■ **Dataset records**
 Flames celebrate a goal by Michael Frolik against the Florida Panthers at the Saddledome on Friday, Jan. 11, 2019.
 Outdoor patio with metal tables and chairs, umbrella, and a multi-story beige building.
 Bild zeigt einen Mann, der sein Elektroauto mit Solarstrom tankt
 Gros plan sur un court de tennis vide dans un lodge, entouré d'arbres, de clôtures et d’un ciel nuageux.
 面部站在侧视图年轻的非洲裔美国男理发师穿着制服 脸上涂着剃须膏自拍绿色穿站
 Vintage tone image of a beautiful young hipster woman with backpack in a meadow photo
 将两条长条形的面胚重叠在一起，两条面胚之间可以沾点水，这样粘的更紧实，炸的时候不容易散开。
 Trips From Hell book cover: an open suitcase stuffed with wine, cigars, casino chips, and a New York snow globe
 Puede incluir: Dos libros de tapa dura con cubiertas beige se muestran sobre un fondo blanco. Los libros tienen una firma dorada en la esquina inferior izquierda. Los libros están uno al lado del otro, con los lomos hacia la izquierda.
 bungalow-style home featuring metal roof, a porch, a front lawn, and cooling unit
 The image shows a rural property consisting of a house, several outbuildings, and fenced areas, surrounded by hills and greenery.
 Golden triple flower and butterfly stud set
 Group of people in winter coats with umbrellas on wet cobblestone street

■ **Task statement**
Which lines hold the string "image"? Copy all of them from the data above.

■ **Exercise result**
 Vintage tone image of a beautiful young hipster woman with backpack in a meadow photo
 The image shows a rural property consisting of a house, several outbuildings, and fenced areas, surrounded by hills and greenery.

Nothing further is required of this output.